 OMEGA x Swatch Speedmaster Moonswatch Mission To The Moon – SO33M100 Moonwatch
- - - -
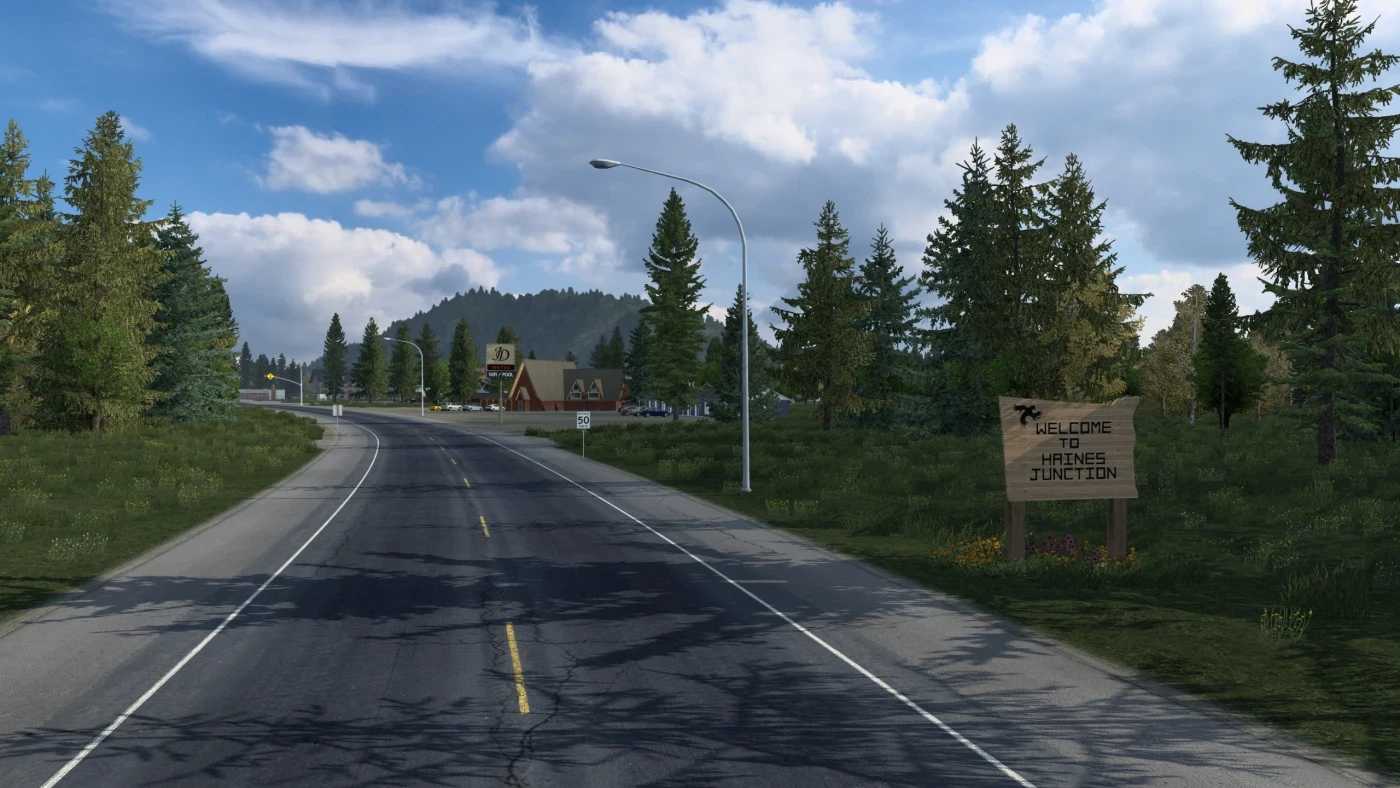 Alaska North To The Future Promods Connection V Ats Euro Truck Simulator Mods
- - - -
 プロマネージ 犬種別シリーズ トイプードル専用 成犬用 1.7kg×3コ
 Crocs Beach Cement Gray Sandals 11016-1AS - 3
- - - -
■ Instructions for the task ■
Whatever else the listing above holds, retype exactly only the lines from the one containing "プロマネージ 犬種別シリーズ トイプードル専用 成犬用 1.7kg×3コ" to the one containing "Crocs Beach Cement", both ends kept.

■ Written response ■
 プロマネージ 犬種別シリーズ トイプードル専用 成犬用 1.7kg×3コ
 Crocs Beach Cement Gray Sandals 11016-1AS - 3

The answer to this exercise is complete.